Quem são os outros atores na guerra civil síria
- Bashar al-Assad: Ditador sírio desde 2000, quando sucedeu seu pai, Hafez a-Assad, após a morte deste. Sua família é alauíta, grupo muçulmano xiita. Ele governa de forma laica com o apoio da ditadura teocrática do Irã e é aliado do grupo extremista libanês Hezbollah, também xiitas. Seu principal aliado internacional é a Rússia, cuja Força Aérea realizou diversos ataques a posições rebeldes durante o auge da guerra civil, até 2015.
- Hezbollah: partido libanês xiita, aliado do Irã que luta principalmente contra Israel. Na guerra civil síria, porém, o grupo extremista engajou seu braço militar nos combates ao lado do regime de Assad. Agora, novamente, um destacamento foi para Homs lutar contra os rebeldes do HTS.
- Estado Islâmico: O grupo terrorista declarou em 2014 um califado que tomou partes da Síria e do Iraque. O ramo da Síria e do Iraque do Estado Islâmico não controla mais nenhum território e não é conhecido por desempenhar um papel na luta atual. Mas ainda é uma força letal operando por meio de células adormecidas nos dois países.
- EUA e Israel: Tanto os EUA quanto Israel conduzem ataques ocasionais na Síria contra forças do governo e milícias aliadas ao Irã. Os EUA têm cerca de 900 militares no nordeste da Síria, longe de Aleppo, para se proteger contra um ressurgimento do Estado Islâmico.
- Turquia: A Turquia também tem forças na Síria e tem influência com a ampla aliança de forças de oposição que invadem Aleppo.
- Curdos: Uma força militar curda conhecida como Forças Democráticas Sírias (FDS) controla territórios no nordeste do país, na fronteira com a Turquia e o Iraque. Embora aliadas aos EUA, eles têm laços com o grupo do Curdistão turco PKK, considerado uma organização terrorista pelo Ocidente. Recentemente, eles reivindicaram a tomada da cidade de Deir al-Zor, no leste, às margens do rio Eufrates.
Por que o conflito recomeçou
Cabeça de estátua de Hafez al-Assad, ex-presidente da Síria e pai do atual presidente Bashar, é rebocada por caminhão em Hama, cidade tomada por rebeldes, em 6 de dezembro de 2024. — Foto: Muhammad Haj Kadour/AFP
Para o diplomata Robert Ford, que foi último embaixador dos EUA na Síria antes de os dois países cortarem relações, três fatores deram aos rebeldes a possibilidade de avançar no conflito sírio:
- Os ataques que Israel vêm fazendo há meses contra alvos do Hezbollah na Síria — o grupo extremista, apesar de ser do Líbano, também atua em conflitos do Oriente Médio ao lado de aliados, como, neste caso, Bashar al-Asad;
- O cessar-fogo firmado por Israel e o Hezbollah no Líbano na semana passada;
- A Rússia, principal apoiadora internacional de Assad, também está preocupada com sua guerra na Ucrânia.

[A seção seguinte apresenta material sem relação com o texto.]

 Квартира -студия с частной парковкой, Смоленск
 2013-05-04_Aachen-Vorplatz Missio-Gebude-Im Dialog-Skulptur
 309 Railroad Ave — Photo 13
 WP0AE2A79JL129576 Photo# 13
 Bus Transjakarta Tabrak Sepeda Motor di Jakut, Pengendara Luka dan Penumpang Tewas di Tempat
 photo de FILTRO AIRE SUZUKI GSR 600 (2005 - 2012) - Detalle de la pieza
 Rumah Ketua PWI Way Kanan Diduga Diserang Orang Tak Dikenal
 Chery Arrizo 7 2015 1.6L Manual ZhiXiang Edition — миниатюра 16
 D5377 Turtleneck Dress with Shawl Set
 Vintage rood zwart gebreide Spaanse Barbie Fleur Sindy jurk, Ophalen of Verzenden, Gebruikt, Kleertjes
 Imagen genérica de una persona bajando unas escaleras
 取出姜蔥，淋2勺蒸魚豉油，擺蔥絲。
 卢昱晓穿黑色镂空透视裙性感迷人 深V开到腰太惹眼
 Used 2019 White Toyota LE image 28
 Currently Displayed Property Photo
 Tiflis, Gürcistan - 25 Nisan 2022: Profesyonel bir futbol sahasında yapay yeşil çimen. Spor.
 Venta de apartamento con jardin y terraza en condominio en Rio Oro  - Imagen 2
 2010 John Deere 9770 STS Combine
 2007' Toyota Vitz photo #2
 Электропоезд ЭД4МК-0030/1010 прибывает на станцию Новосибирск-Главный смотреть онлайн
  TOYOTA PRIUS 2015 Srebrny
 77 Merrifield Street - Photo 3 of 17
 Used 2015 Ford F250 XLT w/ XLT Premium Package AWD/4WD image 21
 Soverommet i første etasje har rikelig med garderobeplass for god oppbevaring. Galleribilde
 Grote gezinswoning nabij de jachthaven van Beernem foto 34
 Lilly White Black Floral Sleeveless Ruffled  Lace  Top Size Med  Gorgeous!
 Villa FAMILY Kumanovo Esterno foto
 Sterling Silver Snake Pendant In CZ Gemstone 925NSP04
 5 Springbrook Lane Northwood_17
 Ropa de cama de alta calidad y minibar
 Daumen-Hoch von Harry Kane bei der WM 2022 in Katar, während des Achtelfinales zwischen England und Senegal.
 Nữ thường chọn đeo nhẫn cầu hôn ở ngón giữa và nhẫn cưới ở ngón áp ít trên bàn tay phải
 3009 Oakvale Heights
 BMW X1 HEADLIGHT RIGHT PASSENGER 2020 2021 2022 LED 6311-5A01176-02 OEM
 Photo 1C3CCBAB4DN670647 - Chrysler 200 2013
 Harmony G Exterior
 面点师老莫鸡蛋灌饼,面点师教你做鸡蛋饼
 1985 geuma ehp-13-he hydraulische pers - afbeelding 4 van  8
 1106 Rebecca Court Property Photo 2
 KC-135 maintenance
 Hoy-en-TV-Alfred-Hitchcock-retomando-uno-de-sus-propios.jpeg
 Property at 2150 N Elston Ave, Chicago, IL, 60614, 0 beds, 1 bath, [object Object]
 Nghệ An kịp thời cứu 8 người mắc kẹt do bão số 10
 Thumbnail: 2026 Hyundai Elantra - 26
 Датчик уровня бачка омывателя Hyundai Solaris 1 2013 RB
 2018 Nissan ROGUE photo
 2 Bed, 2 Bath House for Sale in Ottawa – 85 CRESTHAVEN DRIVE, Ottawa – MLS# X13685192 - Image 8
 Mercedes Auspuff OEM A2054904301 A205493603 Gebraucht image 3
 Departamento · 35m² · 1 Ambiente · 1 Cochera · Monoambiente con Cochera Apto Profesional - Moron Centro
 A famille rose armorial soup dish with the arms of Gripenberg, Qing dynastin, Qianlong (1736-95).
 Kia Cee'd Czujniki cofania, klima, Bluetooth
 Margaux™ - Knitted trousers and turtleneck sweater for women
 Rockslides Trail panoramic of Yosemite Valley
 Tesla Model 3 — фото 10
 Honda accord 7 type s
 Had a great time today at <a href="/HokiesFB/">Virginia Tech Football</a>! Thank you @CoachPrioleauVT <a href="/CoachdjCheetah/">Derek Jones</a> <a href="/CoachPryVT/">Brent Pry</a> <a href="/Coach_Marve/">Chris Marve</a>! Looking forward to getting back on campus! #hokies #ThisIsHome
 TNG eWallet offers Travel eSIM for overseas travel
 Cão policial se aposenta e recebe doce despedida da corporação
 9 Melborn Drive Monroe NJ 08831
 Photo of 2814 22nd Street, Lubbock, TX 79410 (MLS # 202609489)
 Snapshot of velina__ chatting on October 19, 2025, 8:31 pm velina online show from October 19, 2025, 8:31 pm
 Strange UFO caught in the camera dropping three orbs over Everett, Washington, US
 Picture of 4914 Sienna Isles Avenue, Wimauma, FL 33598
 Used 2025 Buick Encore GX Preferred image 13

Por que a tomada de Aleppo é tão importante
No sábado, o exército sírio admitiu ter perdido o controlo de grande parte da cidade de Aleppo. — Foto: Getty Images
Na encruzilhada de rotas comerciais e impérios por milhares de anos, Aleppo é um dos centros de comércio e cultura do Oriente Médio.
A cidade era o lar de 2,3 milhões de pessoas antes da guerra. Rebeldes tomaram em 2012 o lado leste de Aleppo, que se tornou um símbolo do avanço das facções armadas da oposição.
Em 2016, forças governamentais apoiadas por ataques aéreos russos sitiaram a cidade. Projéteis russos, mísseis e bombas de barril cruas — latas de combustível ou outros contêineres carregados com explosivos e metal — arrasaram diversos bairros.
Famintos e sitiados, os rebeldes renderam Aleppo naquele ano.
A entrada dos militares russos foi o ponto de virada na guerra, permitindo que Assad permanecesse no território que ele controlava.
Neste ano, ataques aéreos israelenses em Aleppo atingiram depósitos de armas do Hezbollah e forças sírias, entre outros alvos, de acordo com um grupo de monitoramento independente. Israel raramente reconhece ataques em Aleppo e outras áreas controladas pelo governo na Síria.